## [Exercise materials]
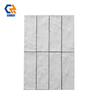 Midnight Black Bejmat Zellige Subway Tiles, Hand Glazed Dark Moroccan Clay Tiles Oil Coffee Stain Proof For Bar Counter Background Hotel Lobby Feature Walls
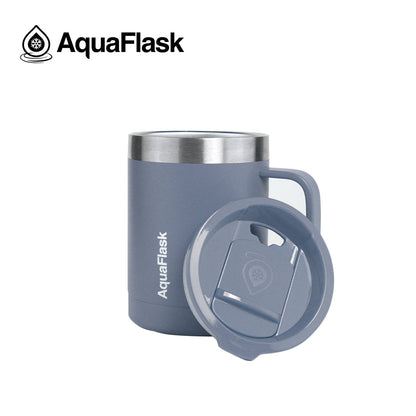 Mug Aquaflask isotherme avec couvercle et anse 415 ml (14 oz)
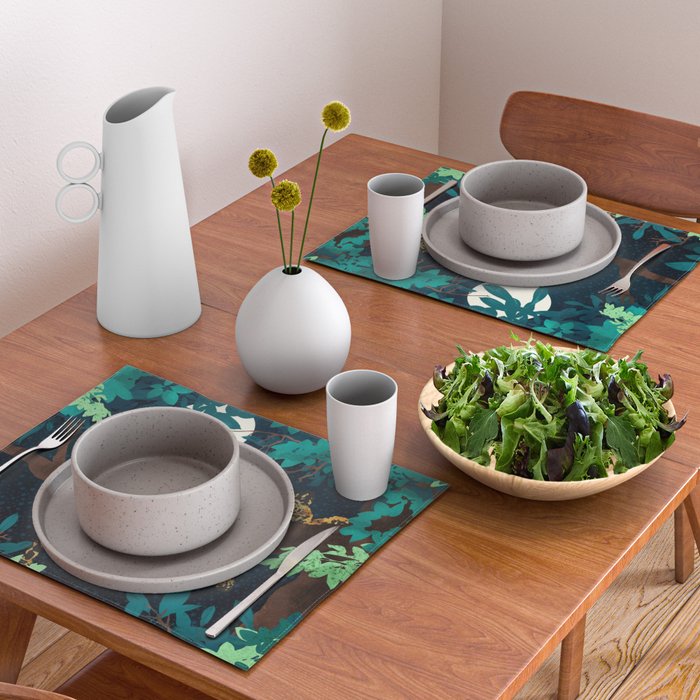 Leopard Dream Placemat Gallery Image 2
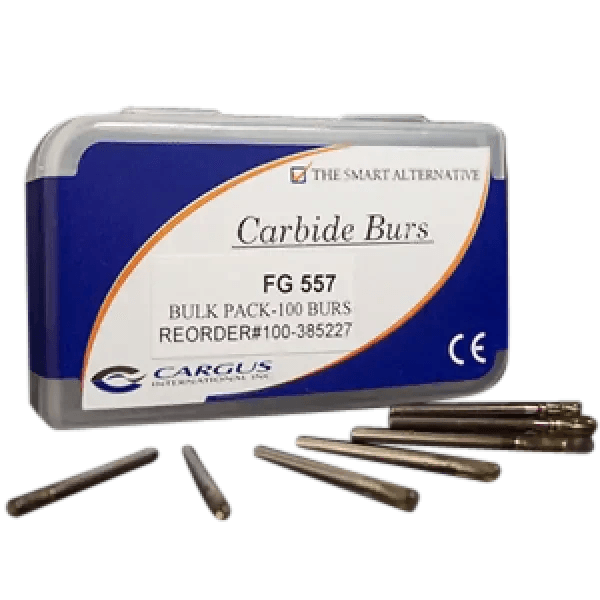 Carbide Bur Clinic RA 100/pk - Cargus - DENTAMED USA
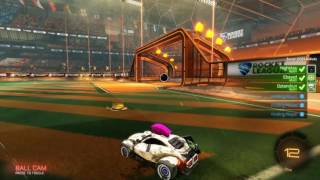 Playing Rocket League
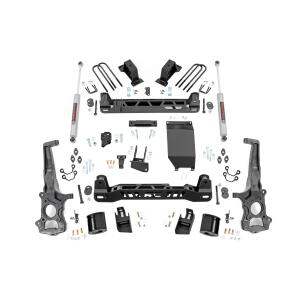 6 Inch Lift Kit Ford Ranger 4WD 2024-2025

---

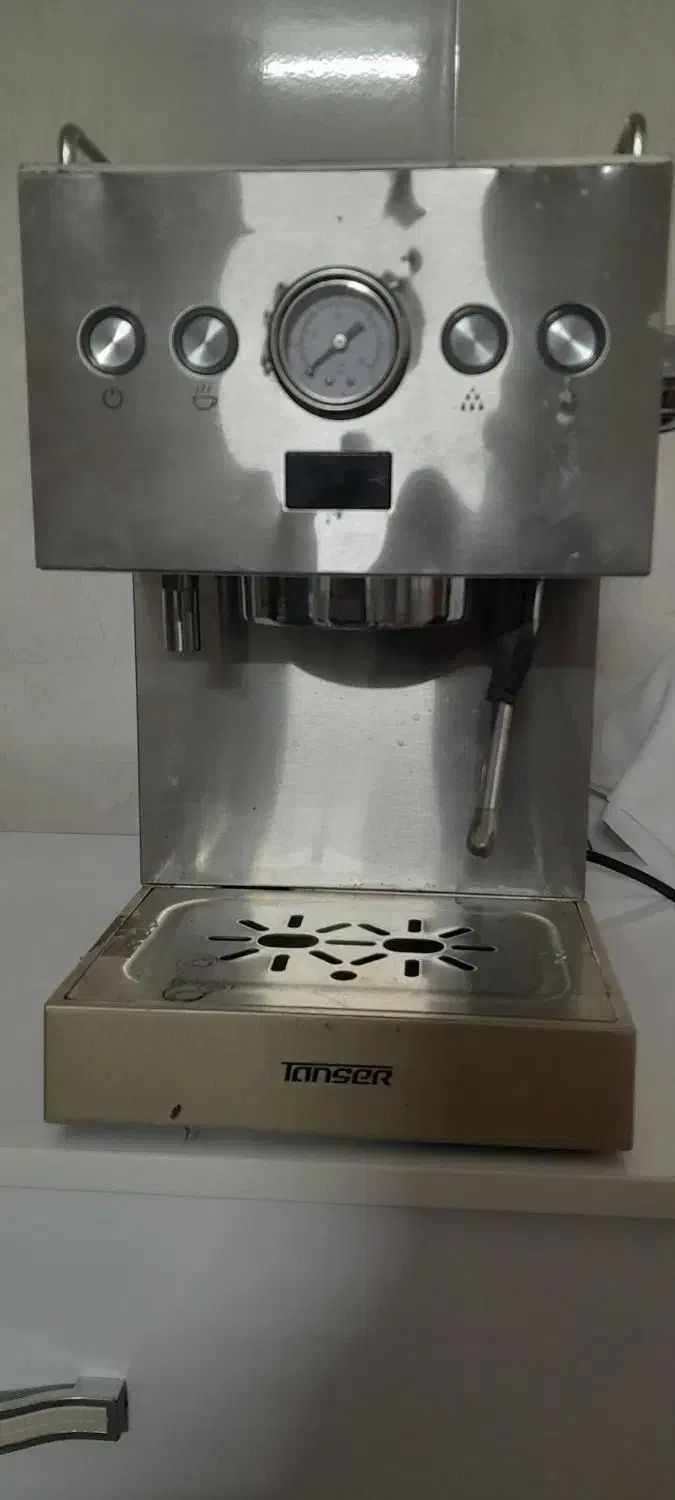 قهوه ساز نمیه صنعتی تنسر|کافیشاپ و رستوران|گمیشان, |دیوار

--

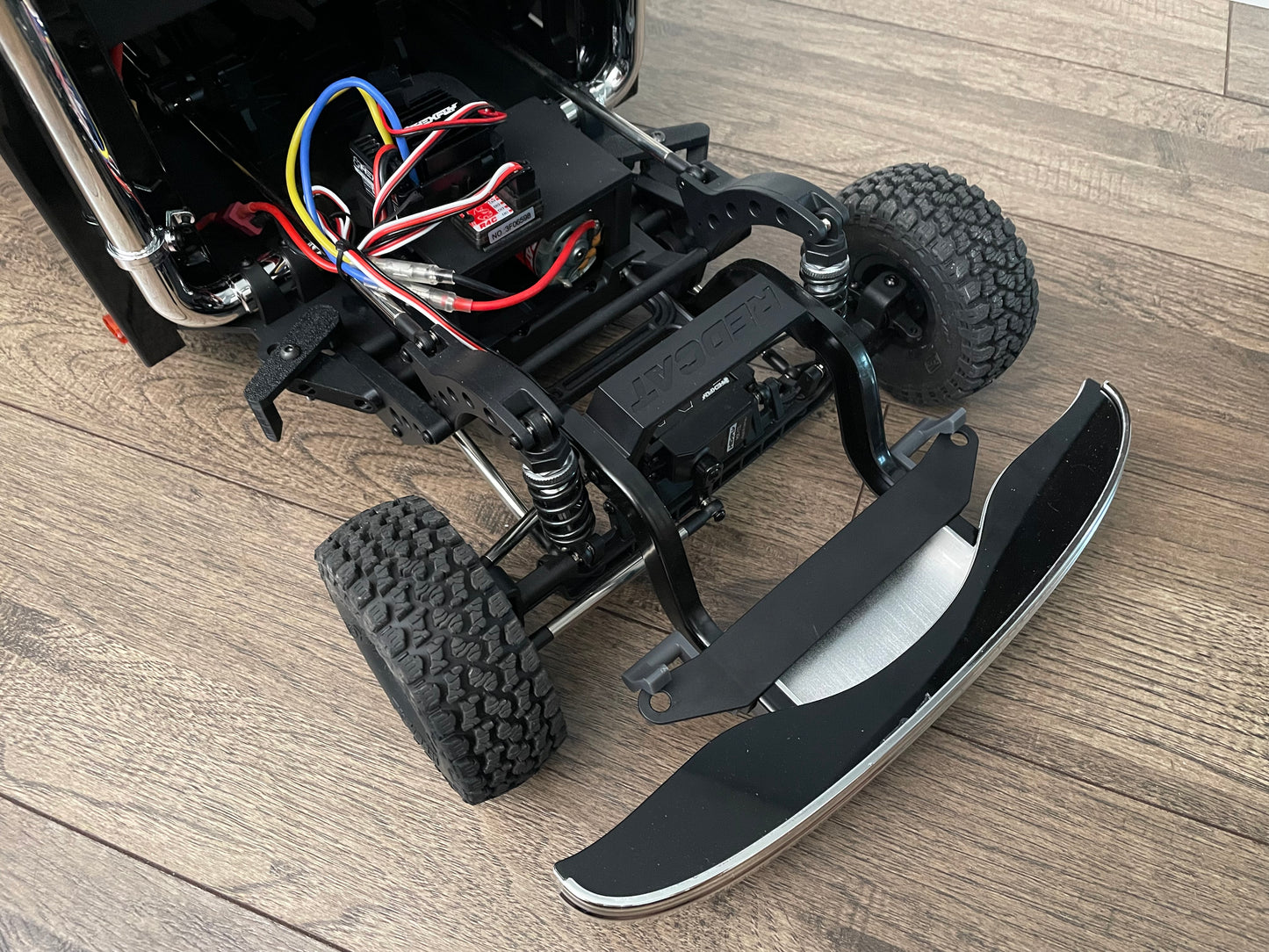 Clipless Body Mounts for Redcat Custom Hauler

## [Task to carry out]
In the listing above, find the line with "Midnight Black Bejmat" and the line with "6 Inch Lift Kit Ford Ranger 4WD 2024-2025". Set down exactly those lines and everything between them, skipping pictures.

## [Answer area]
 Midnight Black Bejmat Zellige Subway Tiles, Hand Glazed Dark Moroccan Clay Tiles Oil Coffee Stain Proof For Bar Counter Background Hotel Lobby Feature Walls
 Mug Aquaflask isotherme avec couvercle et anse 415 ml (14 oz)
 Leopard Dream Placemat Gallery Image 2
 Carbide Bur Clinic RA 100/pk - Cargus - DENTAMED USA
 Playing Rocket League
 6 Inch Lift Kit Ford Ranger 4WD 2024-2025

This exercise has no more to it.